The required output is the exact sequence of lines from the line holding "Glücklicher Muttertag mit" to the end of the records, inclusive.

»»

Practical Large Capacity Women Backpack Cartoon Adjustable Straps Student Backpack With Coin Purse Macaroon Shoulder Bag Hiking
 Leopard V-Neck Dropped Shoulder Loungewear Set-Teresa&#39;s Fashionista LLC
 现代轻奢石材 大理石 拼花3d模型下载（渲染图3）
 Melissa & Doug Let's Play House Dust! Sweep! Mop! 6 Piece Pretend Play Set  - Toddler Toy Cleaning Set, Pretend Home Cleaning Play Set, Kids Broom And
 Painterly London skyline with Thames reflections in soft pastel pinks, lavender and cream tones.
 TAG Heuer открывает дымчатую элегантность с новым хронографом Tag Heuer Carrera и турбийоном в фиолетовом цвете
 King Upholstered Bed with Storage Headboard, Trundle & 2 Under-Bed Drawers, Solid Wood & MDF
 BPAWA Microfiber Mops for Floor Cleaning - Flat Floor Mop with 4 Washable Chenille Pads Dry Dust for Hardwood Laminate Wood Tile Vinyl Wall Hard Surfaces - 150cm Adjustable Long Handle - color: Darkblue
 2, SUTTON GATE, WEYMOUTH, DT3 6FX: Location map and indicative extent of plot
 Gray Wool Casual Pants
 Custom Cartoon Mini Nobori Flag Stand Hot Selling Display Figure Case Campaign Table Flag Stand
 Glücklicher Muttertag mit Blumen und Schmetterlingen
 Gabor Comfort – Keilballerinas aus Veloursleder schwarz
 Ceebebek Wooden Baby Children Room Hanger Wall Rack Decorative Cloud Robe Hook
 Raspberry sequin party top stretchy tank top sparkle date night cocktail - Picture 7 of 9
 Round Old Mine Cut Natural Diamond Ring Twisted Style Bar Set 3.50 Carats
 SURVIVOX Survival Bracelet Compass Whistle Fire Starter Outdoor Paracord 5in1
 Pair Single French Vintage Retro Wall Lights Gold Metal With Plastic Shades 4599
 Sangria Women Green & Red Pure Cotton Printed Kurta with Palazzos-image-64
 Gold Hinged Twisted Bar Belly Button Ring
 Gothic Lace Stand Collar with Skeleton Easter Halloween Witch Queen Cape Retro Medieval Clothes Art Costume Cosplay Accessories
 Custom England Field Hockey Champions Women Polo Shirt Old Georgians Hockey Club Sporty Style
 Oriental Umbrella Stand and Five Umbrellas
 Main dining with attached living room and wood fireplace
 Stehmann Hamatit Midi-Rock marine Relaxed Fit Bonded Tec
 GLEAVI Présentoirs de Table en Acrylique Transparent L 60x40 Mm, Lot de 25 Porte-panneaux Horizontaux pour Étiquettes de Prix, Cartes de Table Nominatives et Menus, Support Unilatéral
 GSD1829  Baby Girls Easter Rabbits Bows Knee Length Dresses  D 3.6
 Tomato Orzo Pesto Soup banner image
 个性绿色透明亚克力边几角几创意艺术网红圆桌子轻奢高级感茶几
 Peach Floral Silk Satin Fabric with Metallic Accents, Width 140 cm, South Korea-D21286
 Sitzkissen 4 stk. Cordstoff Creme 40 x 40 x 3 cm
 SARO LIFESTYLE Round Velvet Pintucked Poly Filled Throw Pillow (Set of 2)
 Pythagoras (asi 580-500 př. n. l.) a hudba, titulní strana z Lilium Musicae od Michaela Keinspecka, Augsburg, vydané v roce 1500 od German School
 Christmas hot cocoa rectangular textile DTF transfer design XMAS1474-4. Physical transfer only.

««

**YOUR RESPONSE**
 Glücklicher Muttertag mit Blumen und Schmetterlingen
 Gabor Comfort – Keilballerinas aus Veloursleder schwarz
 Ceebebek Wooden Baby Children Room Hanger Wall Rack Decorative Cloud Robe Hook
 Raspberry sequin party top stretchy tank top sparkle date night cocktail - Picture 7 of 9
 Round Old Mine Cut Natural Diamond Ring Twisted Style Bar Set 3.50 Carats
 SURVIVOX Survival Bracelet Compass Whistle Fire Starter Outdoor Paracord 5in1
 Pair Single French Vintage Retro Wall Lights Gold Metal With Plastic Shades 4599
 Sangria Women Green & Red Pure Cotton Printed Kurta with Palazzos-image-64
 Gold Hinged Twisted Bar Belly Button Ring
 Gothic Lace Stand Collar with Skeleton Easter Halloween Witch Queen Cape Retro Medieval Clothes Art Costume Cosplay Accessories
 Custom England Field Hockey Champions Women Polo Shirt Old Georgians Hockey Club Sporty Style
 Oriental Umbrella Stand and Five Umbrellas
 Main dining with attached living room and wood fireplace
 Stehmann Hamatit Midi-Rock marine Relaxed Fit Bonded Tec
 GLEAVI Présentoirs de Table en Acrylique Transparent L 60x40 Mm, Lot de 25 Porte-panneaux Horizontaux pour Étiquettes de Prix, Cartes de Table Nominatives et Menus, Support Unilatéral
 GSD1829  Baby Girls Easter Rabbits Bows Knee Length Dresses  D 3.6
 Tomato Orzo Pesto Soup banner image
 个性绿色透明亚克力边几角几创意艺术网红圆桌子轻奢高级感茶几
 Peach Floral Silk Satin Fabric with Metallic Accents, Width 140 cm, South Korea-D21286
 Sitzkissen 4 stk. Cordstoff Creme 40 x 40 x 3 cm
 SARO LIFESTYLE Round Velvet Pintucked Poly Filled Throw Pillow (Set of 2)
 Pythagoras (asi 580-500 př. n. l.) a hudba, titulní strana z Lilium Musicae od Michaela Keinspecka, Augsburg, vydané v roce 1500 od German School
 Christmas hot cocoa rectangular textile DTF transfer design XMAS1474-4. Physical transfer only.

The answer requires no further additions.